I go to sit outside on my porch and look out over my neighbor Dara’s yard. It is resplendent with four kinds of peonies—white, fuchsia, pale pink and one that is two-toned, almost daisy like. There are delphiniums bursting with color and the last of some tiger-stiped iris. Dara is in her 60s and lives alone, mowing her own yard, working full-time, tending to her flowers. The air smells sweet. I think about my mom. I think about what I always think about lately, about how I am getting older, how it is changing everything—how I feel about myself, how I feel about the world, about others. My neck hurts, my wrist hurts, my eyes do not see as well, I am slower, and more patient. I imagine somewhere in my mind, my younger self, and my now self, moving toward older age, passing each other in a dark indiscernible field, an underworld, dimly lit, one of us the maiden, and the other older, headed toward the crone time. What would it be like to look into my own eyes? What would I give her, tell her? What would she give me? The secrets to her fearlessness, to her certainty that more was coming, and most of it good?
I begin to think then about inevitability and culture. The packets in my hands say that I can do lots of things to prevent an untimely death. Those things are staying thin, eating more fresh food, moving my body more. This is what all capitalist culture tells me to do, now cancer is heaped on top of it. They moralize my well-being and tell me the answer is in exercise, in diet and in the luck of the draw. So, I think to myself, if I get cancer and I’ve done all the right things, they will say it is bad luck and not my fault. If I do not, and get it, they will tell me how I could have prevented this. Somehow, I will be a failure. If I get it and have it removed, will my mother, gone all these years, think I have failed, will I? Will it make any difference at all? Will I instead, dance through this precious and perfect life, into another kind of ending altogether?

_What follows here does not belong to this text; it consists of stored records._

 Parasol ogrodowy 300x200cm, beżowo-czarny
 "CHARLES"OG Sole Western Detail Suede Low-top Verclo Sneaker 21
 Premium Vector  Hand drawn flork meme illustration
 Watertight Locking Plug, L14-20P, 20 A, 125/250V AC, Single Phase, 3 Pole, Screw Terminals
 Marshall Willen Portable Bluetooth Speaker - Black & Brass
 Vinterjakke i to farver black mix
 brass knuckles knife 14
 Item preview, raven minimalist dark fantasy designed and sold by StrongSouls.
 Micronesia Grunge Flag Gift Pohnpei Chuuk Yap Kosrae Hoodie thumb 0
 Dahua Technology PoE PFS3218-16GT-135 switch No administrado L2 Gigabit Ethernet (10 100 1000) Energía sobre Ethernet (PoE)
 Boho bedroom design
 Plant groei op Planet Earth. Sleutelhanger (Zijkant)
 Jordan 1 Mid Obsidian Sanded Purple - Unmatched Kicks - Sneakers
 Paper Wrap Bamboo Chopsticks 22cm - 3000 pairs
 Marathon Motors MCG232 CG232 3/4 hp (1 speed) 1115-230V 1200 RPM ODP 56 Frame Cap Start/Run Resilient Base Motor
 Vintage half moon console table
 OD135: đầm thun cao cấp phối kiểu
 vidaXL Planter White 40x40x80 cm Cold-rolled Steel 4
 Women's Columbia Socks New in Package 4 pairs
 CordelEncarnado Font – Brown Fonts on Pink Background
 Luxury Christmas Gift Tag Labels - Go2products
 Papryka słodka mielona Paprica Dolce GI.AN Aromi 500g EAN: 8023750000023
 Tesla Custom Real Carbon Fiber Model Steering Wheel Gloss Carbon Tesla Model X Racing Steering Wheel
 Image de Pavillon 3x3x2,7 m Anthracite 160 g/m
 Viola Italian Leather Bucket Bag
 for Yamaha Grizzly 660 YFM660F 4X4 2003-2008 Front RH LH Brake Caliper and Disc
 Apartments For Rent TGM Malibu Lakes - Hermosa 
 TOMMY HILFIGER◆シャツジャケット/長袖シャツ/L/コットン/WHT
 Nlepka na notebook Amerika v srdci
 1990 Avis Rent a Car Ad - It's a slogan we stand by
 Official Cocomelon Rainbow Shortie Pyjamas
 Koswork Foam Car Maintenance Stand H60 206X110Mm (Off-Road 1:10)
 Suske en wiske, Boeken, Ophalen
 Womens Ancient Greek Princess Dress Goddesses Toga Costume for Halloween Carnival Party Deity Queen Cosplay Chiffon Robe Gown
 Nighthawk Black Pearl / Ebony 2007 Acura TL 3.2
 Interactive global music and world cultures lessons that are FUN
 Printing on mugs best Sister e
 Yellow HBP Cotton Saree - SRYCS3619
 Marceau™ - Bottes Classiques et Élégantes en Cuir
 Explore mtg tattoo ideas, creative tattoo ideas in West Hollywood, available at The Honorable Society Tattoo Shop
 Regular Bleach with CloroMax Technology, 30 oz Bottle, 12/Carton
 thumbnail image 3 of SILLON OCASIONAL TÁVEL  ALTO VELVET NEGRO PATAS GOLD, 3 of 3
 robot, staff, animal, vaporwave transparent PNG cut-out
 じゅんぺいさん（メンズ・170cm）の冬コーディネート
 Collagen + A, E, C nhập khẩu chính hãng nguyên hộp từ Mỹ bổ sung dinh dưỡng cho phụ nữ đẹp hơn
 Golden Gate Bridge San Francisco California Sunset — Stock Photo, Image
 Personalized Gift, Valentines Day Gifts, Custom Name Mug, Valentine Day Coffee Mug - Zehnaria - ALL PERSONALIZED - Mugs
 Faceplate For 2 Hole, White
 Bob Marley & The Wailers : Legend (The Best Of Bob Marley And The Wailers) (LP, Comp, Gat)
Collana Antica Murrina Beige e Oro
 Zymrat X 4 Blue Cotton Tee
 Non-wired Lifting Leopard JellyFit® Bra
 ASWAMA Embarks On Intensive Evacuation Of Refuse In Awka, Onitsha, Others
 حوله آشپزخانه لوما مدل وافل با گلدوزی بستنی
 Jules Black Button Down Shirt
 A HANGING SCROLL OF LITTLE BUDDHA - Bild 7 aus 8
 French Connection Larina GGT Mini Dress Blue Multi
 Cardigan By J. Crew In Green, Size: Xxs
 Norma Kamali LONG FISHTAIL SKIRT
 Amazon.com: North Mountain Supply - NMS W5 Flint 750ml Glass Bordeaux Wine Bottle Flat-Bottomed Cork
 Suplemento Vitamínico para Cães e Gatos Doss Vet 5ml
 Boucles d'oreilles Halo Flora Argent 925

Will I be like my beloved Elaine, who wandered mountains and swam rivers, free of shame, nearly fearless, until the cancer took her as well?
I wonder a lot lately, about what is fate, what is free will, what is really in our control. And if we are all going to die, what is this preservation instinct in us? Buddhism tells us it is natural to fear death. Islam ponders total surrender to God, and a melting into the divine, beyond our bodies. But for most of us, there is something in us, something about ourselves that makes us run from old age, sickness and dying. I would, after all, I’ll admit, love for the peonies to last, they are so fragrant, so delightful. But they too, are fleeting.